WORK INSTRUCTIONS
Your task is to retype, word for word, the lines from the start of the data through the line holding "Life Line Flipbook". Do not include the pictures.

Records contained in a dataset
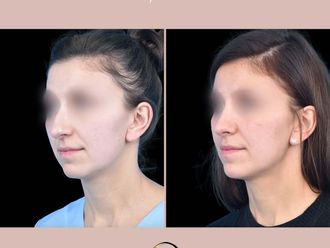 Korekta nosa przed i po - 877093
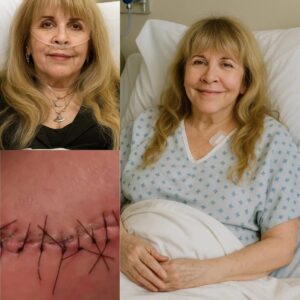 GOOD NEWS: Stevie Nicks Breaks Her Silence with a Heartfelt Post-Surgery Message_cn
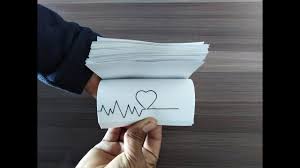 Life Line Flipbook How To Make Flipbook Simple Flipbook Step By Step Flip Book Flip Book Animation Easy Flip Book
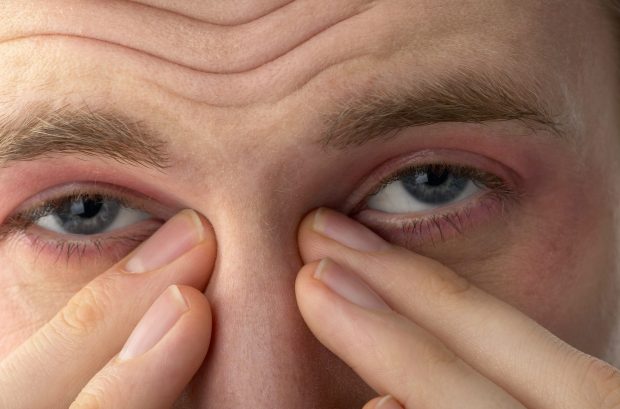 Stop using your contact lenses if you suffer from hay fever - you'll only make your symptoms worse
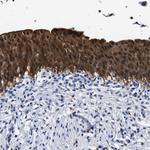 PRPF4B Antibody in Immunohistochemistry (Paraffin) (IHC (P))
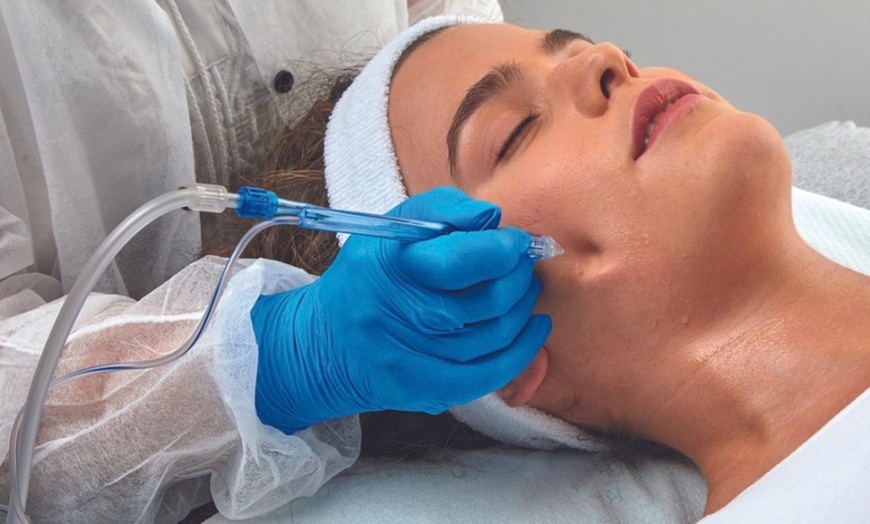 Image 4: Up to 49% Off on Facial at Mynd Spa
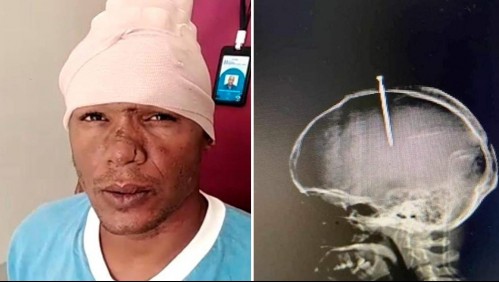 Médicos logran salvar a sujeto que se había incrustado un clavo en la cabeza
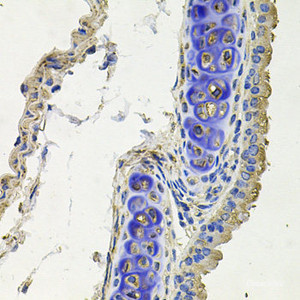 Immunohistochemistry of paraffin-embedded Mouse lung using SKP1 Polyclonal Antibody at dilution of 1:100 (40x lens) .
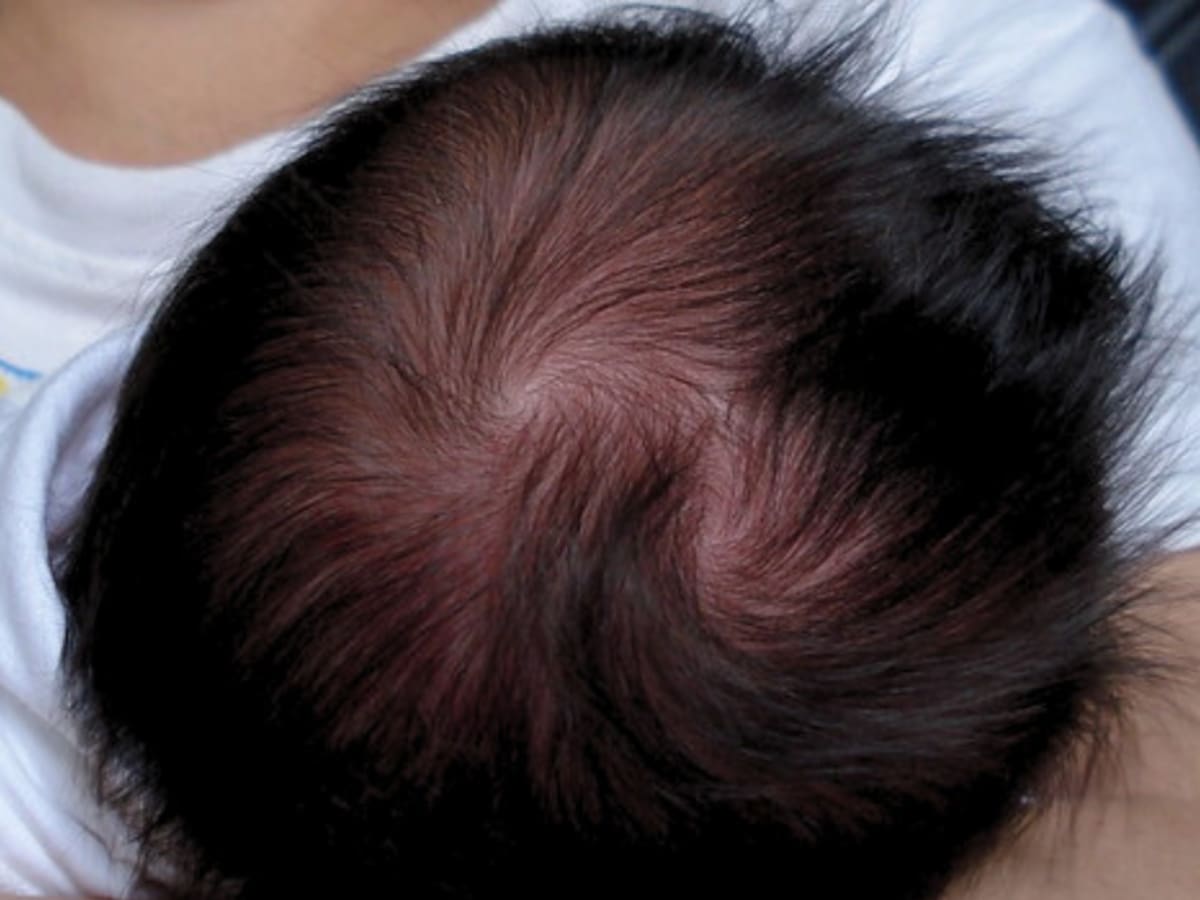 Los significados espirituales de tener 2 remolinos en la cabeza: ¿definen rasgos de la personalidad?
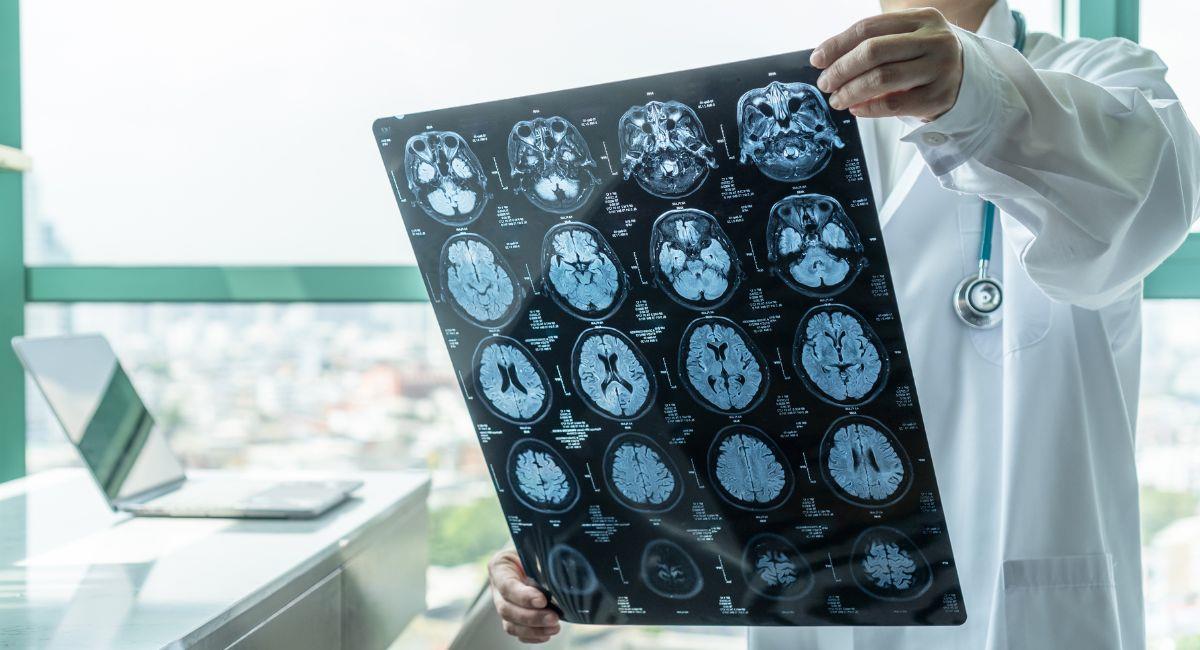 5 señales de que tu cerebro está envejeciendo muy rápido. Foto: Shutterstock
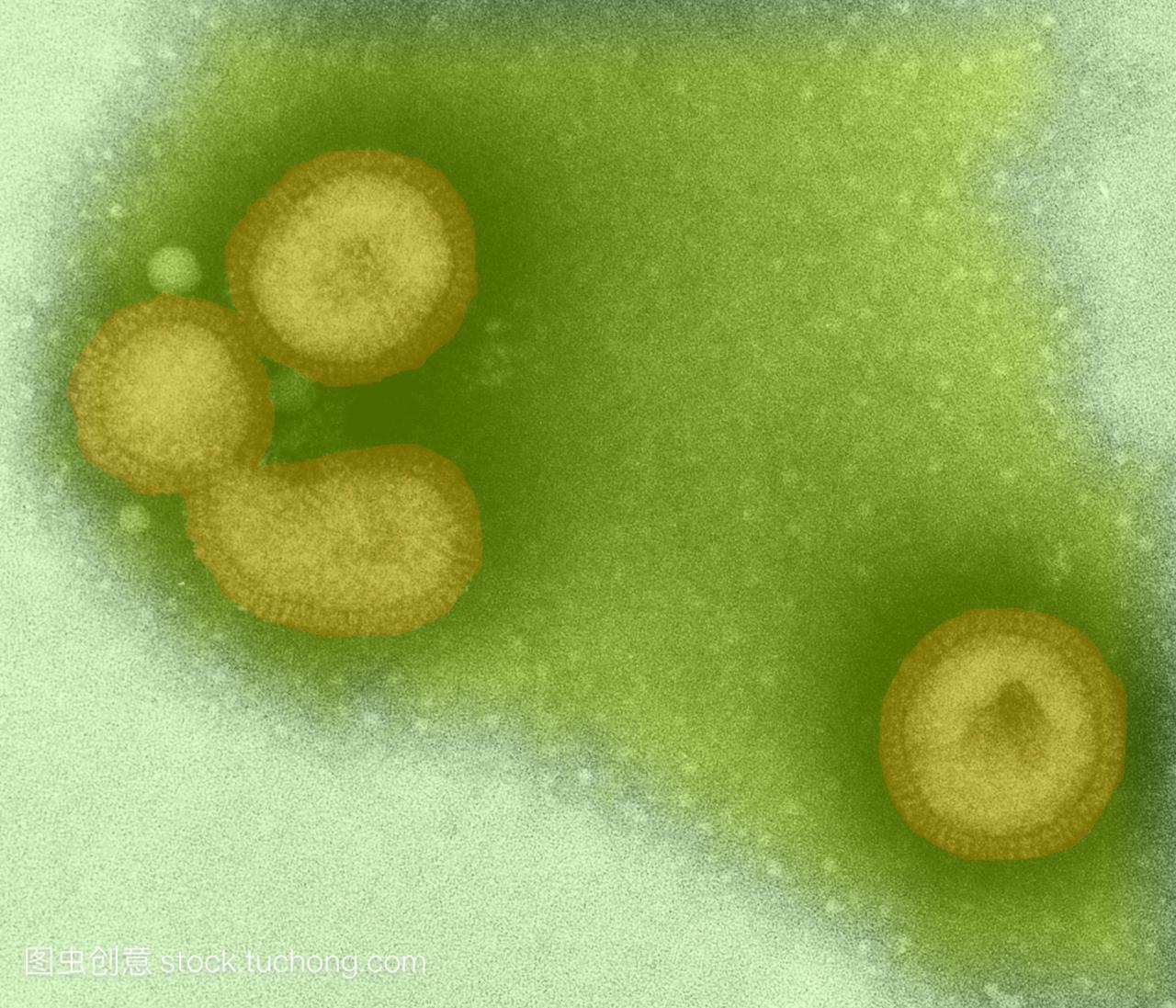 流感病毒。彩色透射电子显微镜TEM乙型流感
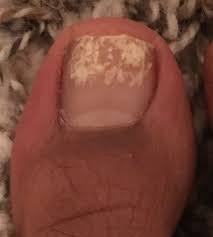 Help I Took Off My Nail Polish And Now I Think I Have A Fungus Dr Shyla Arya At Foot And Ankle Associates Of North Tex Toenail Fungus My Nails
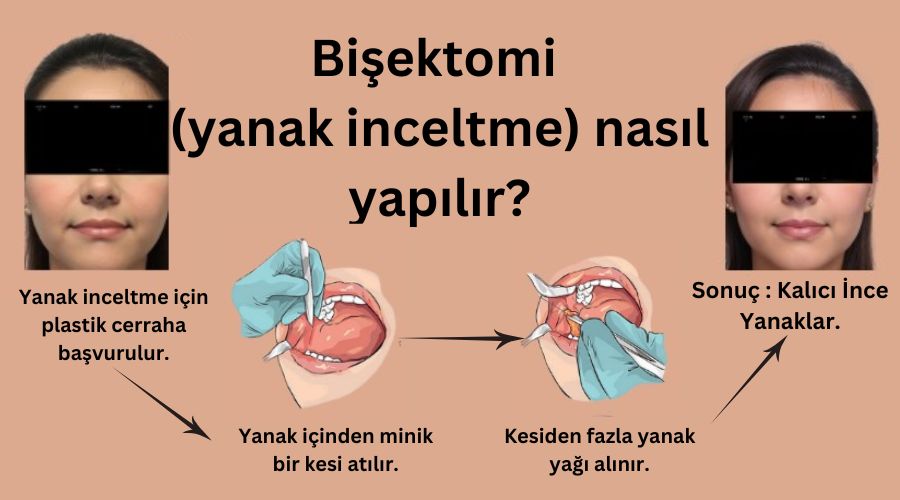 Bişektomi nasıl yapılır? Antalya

SOLUTION TO THIS PROBLEM
 Korekta nosa przed i po - 877093
 GOOD NEWS: Stevie Nicks Breaks Her Silence with a Heartfelt Post-Surgery Message_cn
 Life Line Flipbook How To Make Flipbook Simple Flipbook Step By Step Flip Book Flip Book Animation Easy Flip Book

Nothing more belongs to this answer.